You can assume that $\mu$ is non-negative, i.e., a measure on $R$.

The problem is how $u(t,x)$ behaves for $x$ fixed as $t\rightarrow\infty$. I guess that it might not increase too fast for large $t$, e.g., it does not increase like $e^t$. Do anyone have any idea?

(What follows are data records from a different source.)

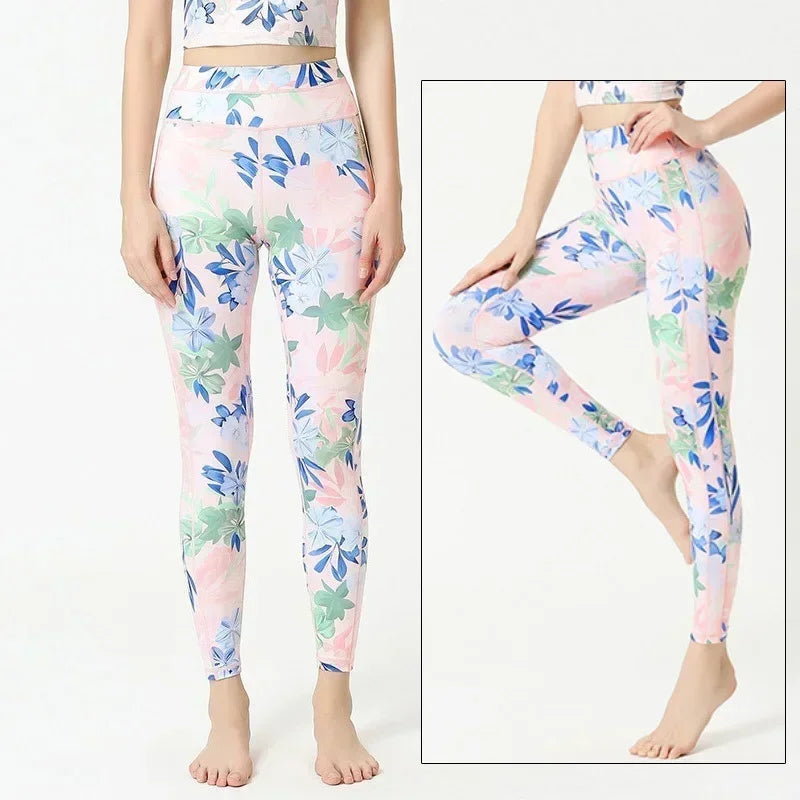 Women's Printed High-Waist Workout Leggings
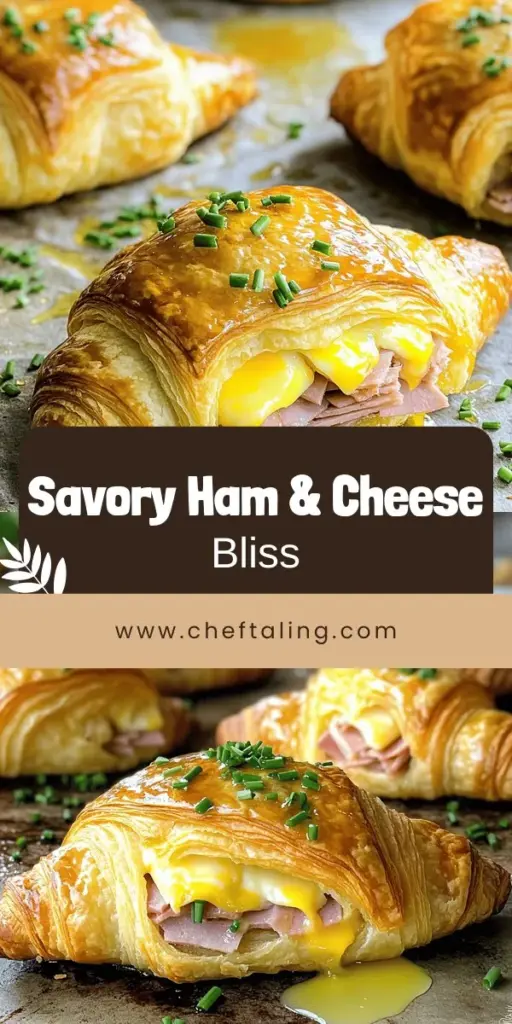 Start your mornings with a delightful twist by making baked ham and cheese croissants! These flaky delights are filled with savory ham and melted Swiss cheese, perfect for breakfast or brunch. Follow our simple guide to create these mouthwatering treats, packed with tips and variations to suit your taste. Don’t miss out on impressing your family and friends—click through to explore the full recipe and start baking your new favorite breakfast today!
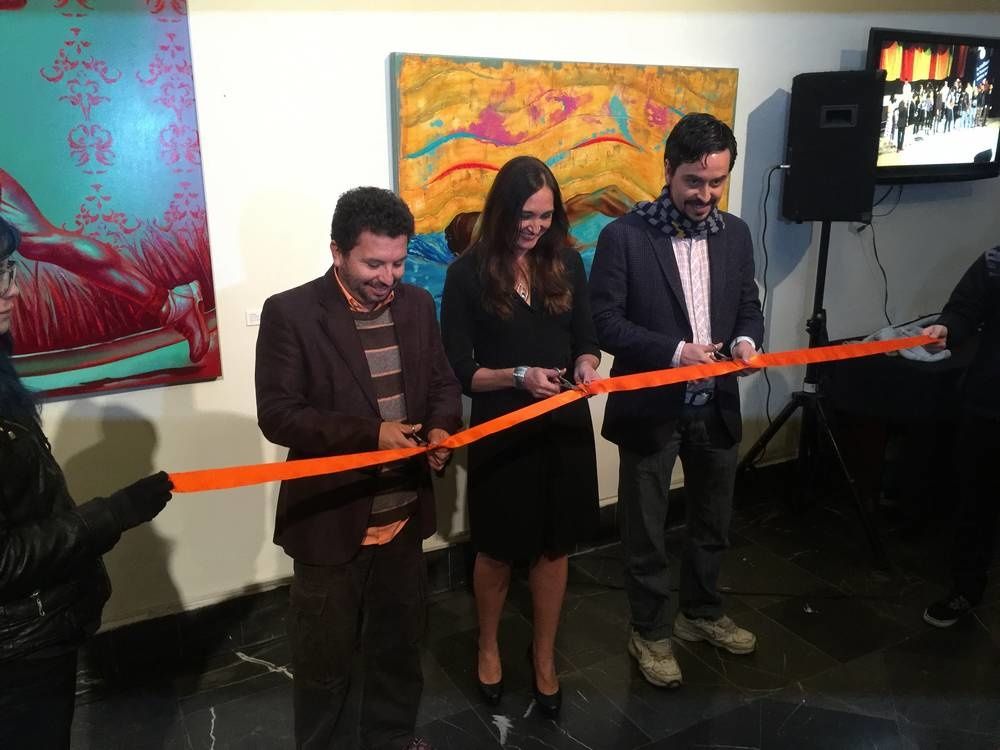 L'ambiance des vernissages avec la mexicaine Carol Goddard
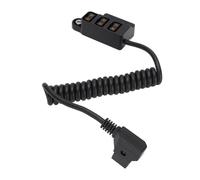Dpofirs D Tap Cable Divisor, 3 Puertos D Cable de Alimentación del Bosque Divisor de 3 Puertos con Pantalla Digital LED, Cable de Extensión con Conector Actualizado para la Batería de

Thank you very much in advance!

EDIT: Here is one try: If we smooth $\mu$ by a test function to get say $\mu_n$, then $\mu_n$ is a smooth function with at most certain polynomial increase. However, the degree of the domination polynomial might depend on $n$...

Answer 1

Denote $\Gamma(x,t)$ the fundamental solution of the heat equation form the integral. By the theorem of L. Schwarz for any $\mu\in S'(S)$ there is a number $m\in \mathbb N$ and $C>0$ such that $$|u(x,t)|=|(\mu,\Gamma(t,\cdot))|\le C\|\Gamma(t,\cdot)\|_m,$$ where $ \|\varphi\|_m=$

$\sup_{\alpha \le m,\ x \in \mathbb R}(1+|x|)^m |\partial^\alpha \varphi(x)|. $

It is straightforward to obtain, as it is said in the comments, that the $u$ increases at most polynomially. Namely, it is known that $$|\partial_x^k \Gamma(t,x)|\le C_k t^{-(k+1)/2}e^{-c_k x^2/t}.\ $$ From here it is easy to get $$|x^m \partial_x^k \Gamma(t,x)|\le C_{k,m} t^{(m-k-1)/2}e^{-c_{k,m} x^2/t},$$ since $|y|^m e^{-c y} \le C_m$. Putting $y=x^2/t\ $ we have $|x|^m e^{-c x^2/t}\le t^{m/2}e^{-c x^2/2t}$.